Python is a high-level, interpreted programming language that is widely
--------------------------------
Next chunk:
that is widely 
used for various applications such as web development, scientific 
computing, and


In [54]:
# Create text without natural breaks points
text = "This is a simple text. It doesn't have any natural breaks. This is the third sentence. Now we got to the fourth senetence."

# Character Text Splitter
splitter = RecursiveCharacterTextSplitter(
    separators = [" "],
    chunk_size = 80,
    chunk_overlap = 20,
    length_function = len
)

chunks = splitter.split_text(text)
print(f"Simple Text example - {len(chunks)} chunks created")

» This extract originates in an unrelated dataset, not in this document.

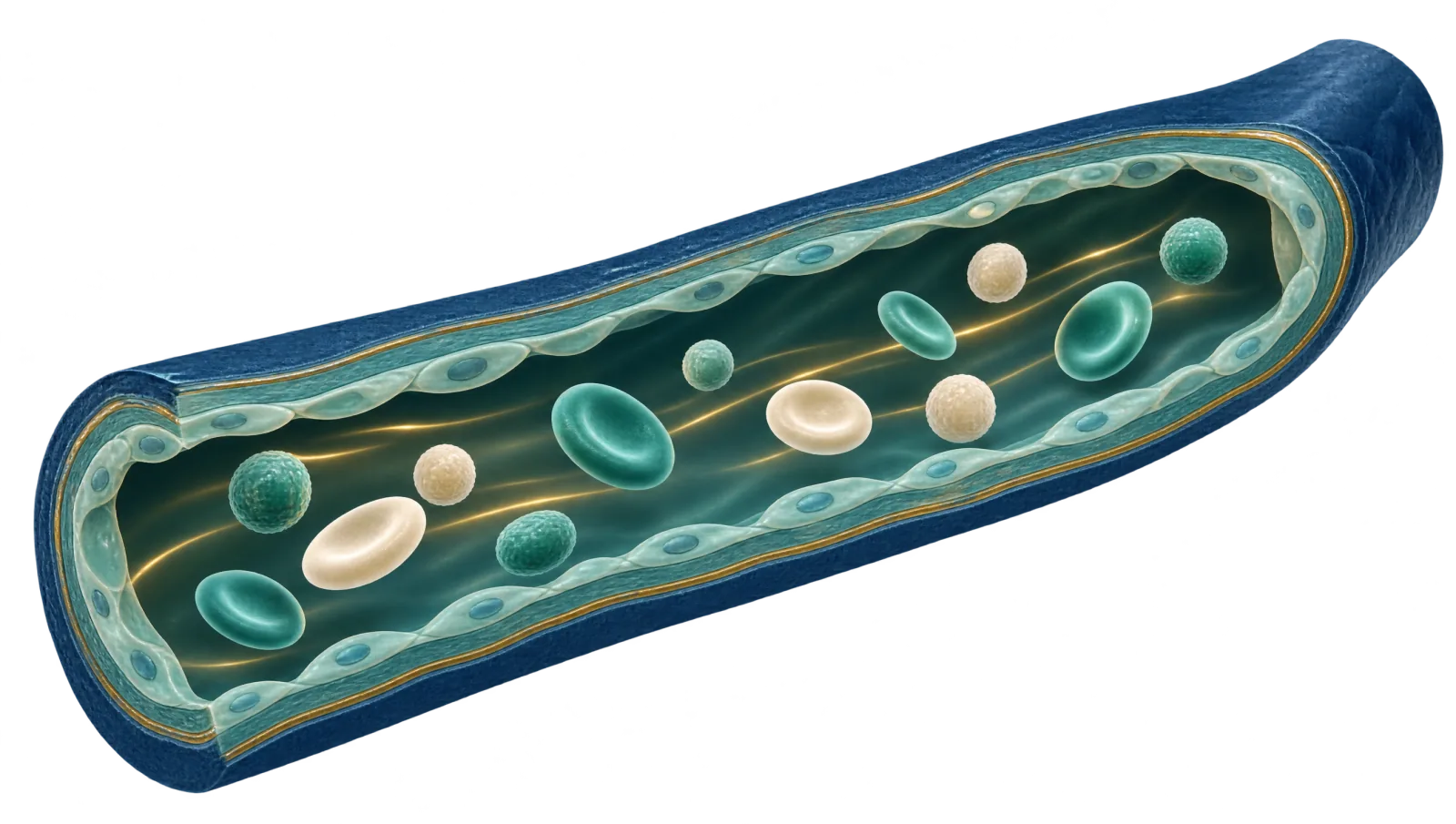 Schematische Illustration: Längsschnitt eines kleinen Blutgefäßes mit flachen Endothelzellen an der Wand und stilisierten Blutzellen im Inneren.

for i in range(len(chunks)-1):
    print(f"Chunk {i+1}: '{chunks[i]}'")
   
    print(f"Chunk {i+2}: '{chunks[i+1]}'")
    
    print() 
   

Simple Text example - 2 chunks created
Chunk 1: 'This is a simple text. It doesn't have any natural breaks. This is the third'
Chunk 2: 'This is the third sentence. Now we got to the fourth senetence.'



In [56]:
### TOKEN TEXT SPLITTER
from langchain.text_splitter import TokenTextSplitter

text = "This is a simple text. It doesn't have any natural breaks. This is the third sentence. Now we got to the fourth senetence."

# Token Text Splitter
token_splitter = TokenTextSplitter(
    chunk_size = 20,
    chunk_overlap = 5,
    length_function = len
)

token_chunks = token_splitter.split_text(text)
print(f"Created {len(token_chunks)} chunks")
print("First chunk:")
print(token_chunks[0])
print('--------------------------------')
print("Next chunk:")
print(token_chunks[1])



Created 2 chunks
First chunk:
This is a simple text. It doesn't have any natural breaks. This is the third sentence.
--------------------------------
Next chunk:
 is the third sentence. Now we got to the fourth senetence.